Millions upon millions of baby boomers are invested in the stock market, and most of them are just now coming into retirement. They will be either cashing out their 401(k)s, and/or moving the funds into bonds and other low-risk investments. How will this affect the market over the next 10-20 years?

Hmm, very interesting question.

I don’t know that I agree that “most” are just now coming into retirement. I agree that it is clearly starting and will continue for what - 10 yrs or so? But its not like a mass of them are going to retire in the next 12 mths.

Yes, eventually the market will be dragged down by them selling securities, but many of them are like the rest of us and praying it goes up. Mostly so they can sell at a high point and not have their retirement totally screwed.

Eventually, the market will decline, but since it is being gamed anyway by the big banks, does it really matter? (no I don’t have a cite, but if you watch the market especially over the summer, on down days there would be this amazing spike in the last 30 minutes of trading that would bring it up either at a gain for the day or even). High frequency trading - Goldman Sachs. Nuff said.

Right, I saw some graphs a while back where the market spiked but it was tracking high frequency trading of some shell companies by Goldman Sachs and JP Morgan.

I believe I read an article (WSJ) that broke down how many millions GS made daily (again over the summer) as a result of the HFT.

That’s why they were able to get out of Tarp so quickly.

My mom (bless her sweet deluded soul) has an IRA at GS, and when I rant about this, she thinks that its actually good for her. “Sorry mom, but GS doesn’t have your back”

That wasn’t what I was suggesting.

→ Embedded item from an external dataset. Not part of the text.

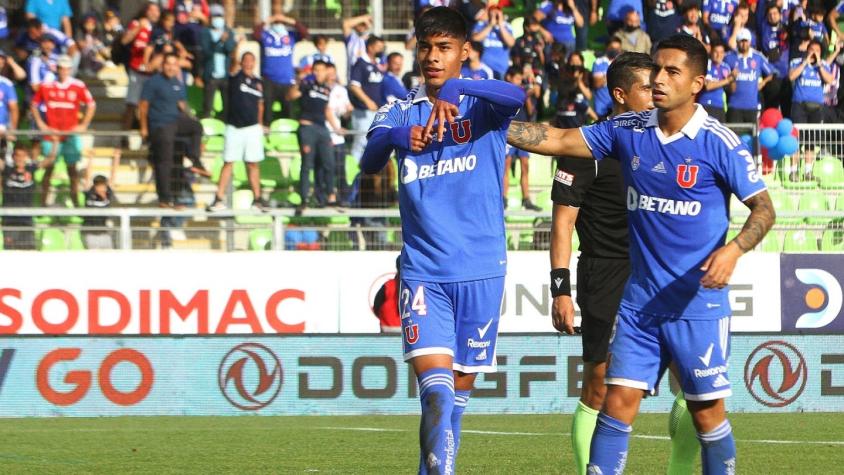 Darío Osorio: la "Joya" de la U ya estaría en la mira del Real Madrid y del Manchester City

Some are already retired, but most are just now coming into their retirement years – i.e., the cohort will be retiring over the next decade.

Obviously, if they all cashed out at once, we’d have a crash. My question is whether a ten year rolling series of cashouts will cause either a crash or just a long-term depressed market.

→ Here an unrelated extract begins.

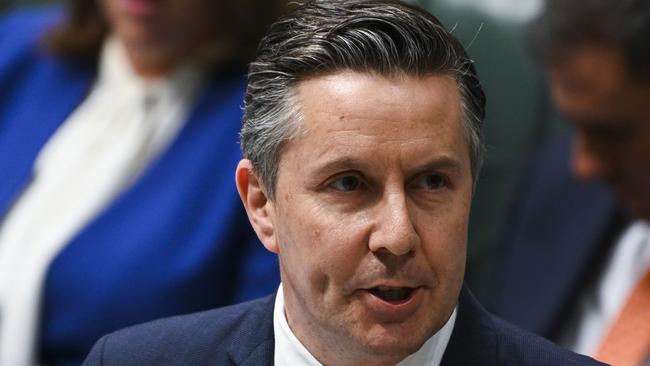 Federal Health Minister Mark Butler. Picture: NCA NewsWire / Martin Ollman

Obviously. The question is whether or not we expect those prayers to be answered or not.

Yes, but you missed my biggest point: the market is being gamed by the means of high frequency trading and potentially front-running, by the GS and JPMs of the world. Which means that yes the market will be negatively impacted by the retirees cashing out, but because GS and JPM make money when it goes up, they will fire up the machine and the market will go back up.

The OP question was “Are the boomers going to keep the stock market low?”

So that’s not the same question. Either way, there’s not much to debate.

I think that the real thrust of your question is a matter of timing (I could be wrong, I’m truly not trying to be an ass), and anyone with a prediction on timing should have their mouth duct taped shut, since all that is pretty much by-guess and by-golly anyway.

Not if they’re like me. My target portfolio stock percentage is based on my age. It’s actually (120-age)% in stocks and the rest in bonds. As I age I convert stocks to bonds, but unless I live to 120, I’ll always have some stocks, and my stock:bond ratio should never change more than a couple percent a year. I rebalance once a month or so, more frequently in volatile markets, less in static ones.

Not really, no.

Over the last 20 years, the stock market has grown remarkably. A lot of people have come to think of mutual fund returns of 10-20% or more as “normal,” which will come back in a year or two after the current recession eases. I am skeptical of this, because I think that throughout the 2010s, we will see millions of boomers take their money out of the market. My layman’s guess is that this will keep the market from growing much over the next 10-20 years. However, I could be wrong; hence my desire to solicit opinions from more financially-knowledgeable people.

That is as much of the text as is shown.